What needs to be done
Repeat every entry word for word, but leave the images out of your copy.

Entries provided
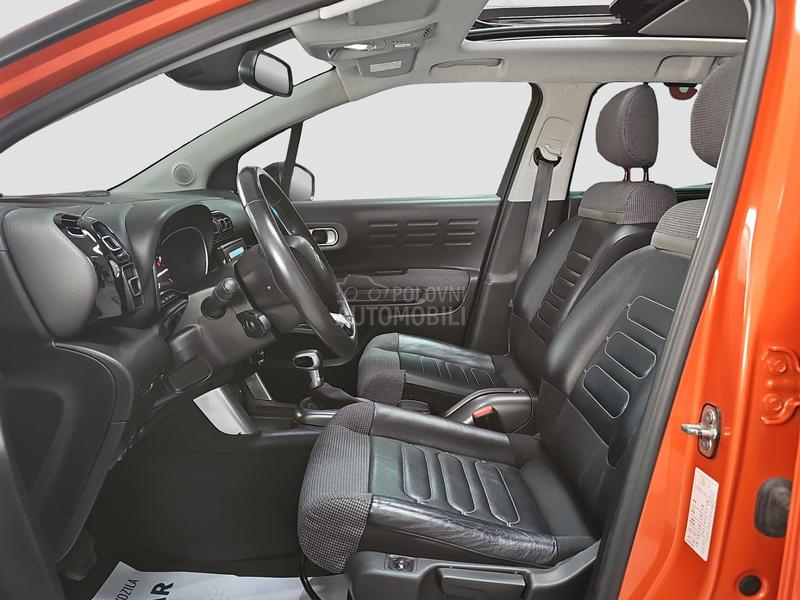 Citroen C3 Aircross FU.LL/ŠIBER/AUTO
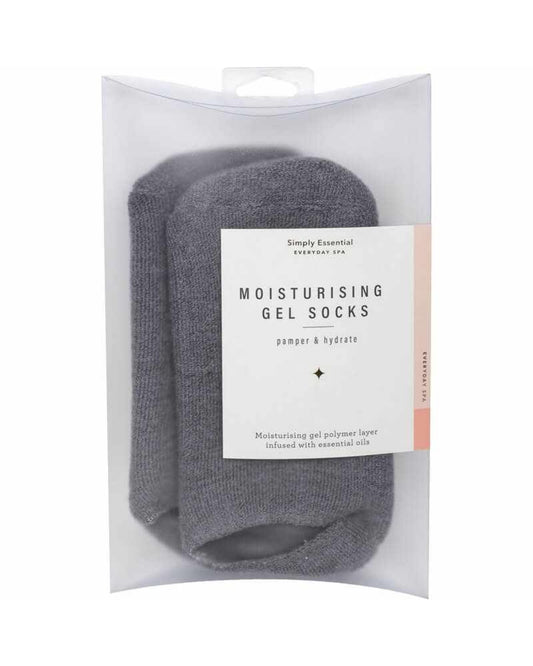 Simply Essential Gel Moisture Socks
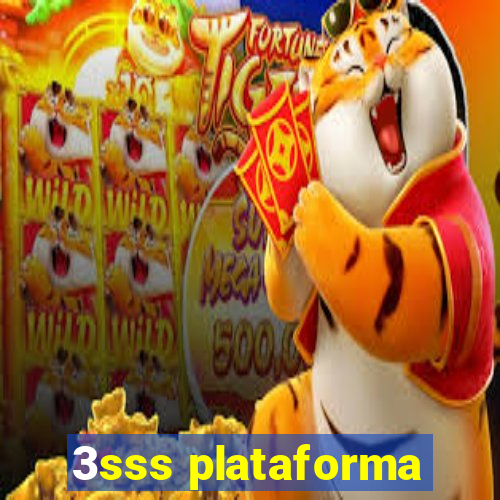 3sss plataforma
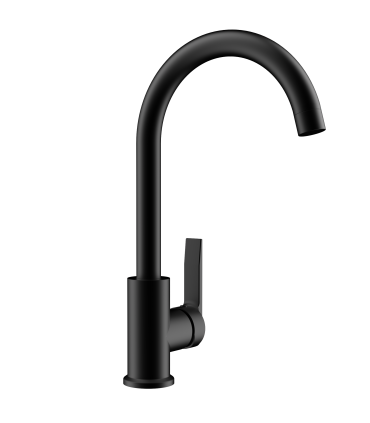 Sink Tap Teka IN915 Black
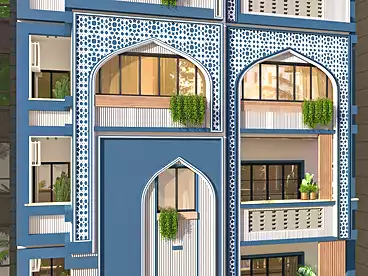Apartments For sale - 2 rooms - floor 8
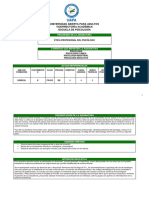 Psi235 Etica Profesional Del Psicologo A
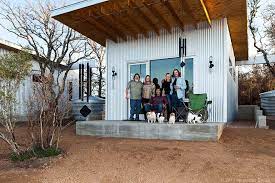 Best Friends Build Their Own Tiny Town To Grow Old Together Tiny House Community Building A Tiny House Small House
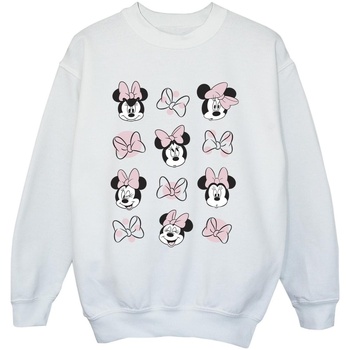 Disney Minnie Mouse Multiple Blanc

Task answer
 Citroen C3 Aircross FU.LL/ŠIBER/AUTO
 Simply Essential Gel Moisture Socks
 3sss plataforma
 Sink Tap Teka IN915 Black
Apartments For sale - 2 rooms - floor 8
 Psi235 Etica Profesional Del Psicologo A
 Best Friends Build Their Own Tiny Town To Grow Old Together Tiny House Community Building A Tiny House Small House
 Disney Minnie Mouse Multiple Blanc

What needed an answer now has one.